The display can be edited using the controls at the bottom of the screen to display only more common haplotypes or to adjust the connecting lines. By default, alleles are displayed using A,C,G,T along with the special symbol 'X' which represents a fairly rare situation in which only one allele is unambiguously observed in phased data. The 'X' represents the allele of unknown identity.
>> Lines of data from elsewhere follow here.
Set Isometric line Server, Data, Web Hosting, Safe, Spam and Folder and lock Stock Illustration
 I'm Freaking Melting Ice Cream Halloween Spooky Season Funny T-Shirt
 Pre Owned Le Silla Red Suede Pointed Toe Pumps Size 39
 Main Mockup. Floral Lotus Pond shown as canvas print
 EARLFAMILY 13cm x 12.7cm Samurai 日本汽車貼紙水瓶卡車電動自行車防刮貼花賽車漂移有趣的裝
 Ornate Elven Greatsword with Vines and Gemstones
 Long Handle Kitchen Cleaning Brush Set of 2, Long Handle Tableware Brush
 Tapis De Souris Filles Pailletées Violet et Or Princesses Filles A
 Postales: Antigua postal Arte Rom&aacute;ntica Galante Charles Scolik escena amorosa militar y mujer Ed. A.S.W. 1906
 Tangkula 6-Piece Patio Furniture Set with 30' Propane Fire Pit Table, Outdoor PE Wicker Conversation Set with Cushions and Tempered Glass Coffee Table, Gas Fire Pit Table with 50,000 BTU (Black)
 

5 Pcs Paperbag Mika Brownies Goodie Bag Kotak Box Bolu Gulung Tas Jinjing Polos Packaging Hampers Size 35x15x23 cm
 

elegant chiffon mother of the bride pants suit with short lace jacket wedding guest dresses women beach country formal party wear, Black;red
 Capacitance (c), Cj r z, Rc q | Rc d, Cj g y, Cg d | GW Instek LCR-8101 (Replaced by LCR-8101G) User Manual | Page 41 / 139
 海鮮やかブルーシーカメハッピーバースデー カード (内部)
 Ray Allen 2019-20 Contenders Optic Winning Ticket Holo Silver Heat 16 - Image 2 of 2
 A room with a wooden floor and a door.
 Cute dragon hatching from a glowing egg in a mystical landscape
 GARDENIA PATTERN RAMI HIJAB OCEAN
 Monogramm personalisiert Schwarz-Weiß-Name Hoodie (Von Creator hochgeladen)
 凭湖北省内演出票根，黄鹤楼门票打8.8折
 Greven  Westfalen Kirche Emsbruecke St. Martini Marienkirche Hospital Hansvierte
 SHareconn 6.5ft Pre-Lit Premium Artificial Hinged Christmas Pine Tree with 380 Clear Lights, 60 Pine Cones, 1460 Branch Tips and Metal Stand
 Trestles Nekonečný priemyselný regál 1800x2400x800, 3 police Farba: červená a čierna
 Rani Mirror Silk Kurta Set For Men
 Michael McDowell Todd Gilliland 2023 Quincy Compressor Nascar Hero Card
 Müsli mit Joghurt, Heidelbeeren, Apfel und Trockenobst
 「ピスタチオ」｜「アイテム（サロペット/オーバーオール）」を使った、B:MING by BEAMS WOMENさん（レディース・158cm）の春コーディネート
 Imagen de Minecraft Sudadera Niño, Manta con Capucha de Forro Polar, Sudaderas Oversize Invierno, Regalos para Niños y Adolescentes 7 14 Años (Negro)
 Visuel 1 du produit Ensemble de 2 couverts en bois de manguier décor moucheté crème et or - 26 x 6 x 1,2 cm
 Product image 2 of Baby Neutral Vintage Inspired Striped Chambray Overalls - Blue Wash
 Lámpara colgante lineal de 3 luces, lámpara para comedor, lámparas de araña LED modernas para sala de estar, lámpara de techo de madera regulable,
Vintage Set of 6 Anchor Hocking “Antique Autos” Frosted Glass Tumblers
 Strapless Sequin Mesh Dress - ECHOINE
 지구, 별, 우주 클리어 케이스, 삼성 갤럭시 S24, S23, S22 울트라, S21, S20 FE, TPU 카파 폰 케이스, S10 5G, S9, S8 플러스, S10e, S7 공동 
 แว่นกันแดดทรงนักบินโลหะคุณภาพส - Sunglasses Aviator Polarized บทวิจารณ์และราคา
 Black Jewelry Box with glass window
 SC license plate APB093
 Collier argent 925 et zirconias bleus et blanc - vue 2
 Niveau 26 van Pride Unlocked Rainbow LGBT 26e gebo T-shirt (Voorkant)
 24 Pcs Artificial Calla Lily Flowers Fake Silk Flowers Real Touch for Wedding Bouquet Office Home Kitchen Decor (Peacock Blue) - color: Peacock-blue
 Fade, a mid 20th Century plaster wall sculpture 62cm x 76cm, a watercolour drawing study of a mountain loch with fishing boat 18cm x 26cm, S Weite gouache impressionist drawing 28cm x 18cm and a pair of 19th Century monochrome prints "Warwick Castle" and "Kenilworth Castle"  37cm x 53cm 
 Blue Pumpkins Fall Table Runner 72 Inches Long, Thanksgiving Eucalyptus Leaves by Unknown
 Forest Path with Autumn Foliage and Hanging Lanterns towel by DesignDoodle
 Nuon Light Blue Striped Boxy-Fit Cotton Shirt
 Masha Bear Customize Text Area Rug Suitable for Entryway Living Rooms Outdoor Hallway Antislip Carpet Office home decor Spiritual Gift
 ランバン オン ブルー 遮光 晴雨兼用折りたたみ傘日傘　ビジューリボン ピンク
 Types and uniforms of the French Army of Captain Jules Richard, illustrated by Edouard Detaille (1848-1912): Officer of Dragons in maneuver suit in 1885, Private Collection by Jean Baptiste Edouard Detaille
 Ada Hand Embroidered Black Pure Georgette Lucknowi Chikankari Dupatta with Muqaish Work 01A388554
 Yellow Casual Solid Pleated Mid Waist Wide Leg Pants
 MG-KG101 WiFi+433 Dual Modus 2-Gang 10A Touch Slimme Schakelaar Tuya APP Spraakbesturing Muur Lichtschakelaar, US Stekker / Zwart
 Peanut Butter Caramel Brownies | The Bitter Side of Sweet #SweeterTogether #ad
The display can also be changed to show the alleles numerically from 1-4 with 8 being the equivalent of 'X', or as blue and red boxes, with blue being the major allele and red the minor.

Tag SNPs

The htSNPs are selected on a block-by-block basis. This means that the end set is not necessarily the most parsimonious one for the entire dataset, but it provides for a much more thorough testing set if you plan to move from an initial sample used to pick htSNPs to a much larger sample, that is, it is much more likely to catch variation in the new, large dataset that was not observed in the initial dataset. Preference for this method or another depends on experimental design.

Specifically, the SNPs in each block are ranked in order of completeness of genotyping and then a set is selected which defines all haplotypes above a certain (adjustable) frequency threshold. The method ensures the most efficient possible set for strict 4 gamete blocks, but occasionally features redundancies of larger and more loosely defined blocks (where some recombination has occurred).

Association Tests

If selected when loading the data, Haploview computes single locus and multi-marker haplotype association tests. For case/control data, the chi square and p-value for the allele frequencies in cases vs. control are shown. For family trios, all probands (affected individual with genotyped parents) are used to compute TDT values.

The haplotype association test is performed on the set of blocks selected on the LD and haplotype tabs. Results are shown only for those haplotypes above the display threshold on the haplotype tab. Counts for both TDT and case control association tests are obtained by summing the fractional likelihoods of each individual for each haplotype. In other words, if a particular individual has been determined by the EM to have a 40% likelihood of haplotype A and 60% likelihood of haplotype B, 0.4 and 0.6 would be added to the counts for A and B respectively.

Additional information about the way in which pedigrees are filtered for TDT purposes can be found in the FAQ.

Haploview is not intended to be the only way of testing association results, but to provide a straightforward way to do simple association tests. It's always a good idea to try out multiple approaches to analyzing your data.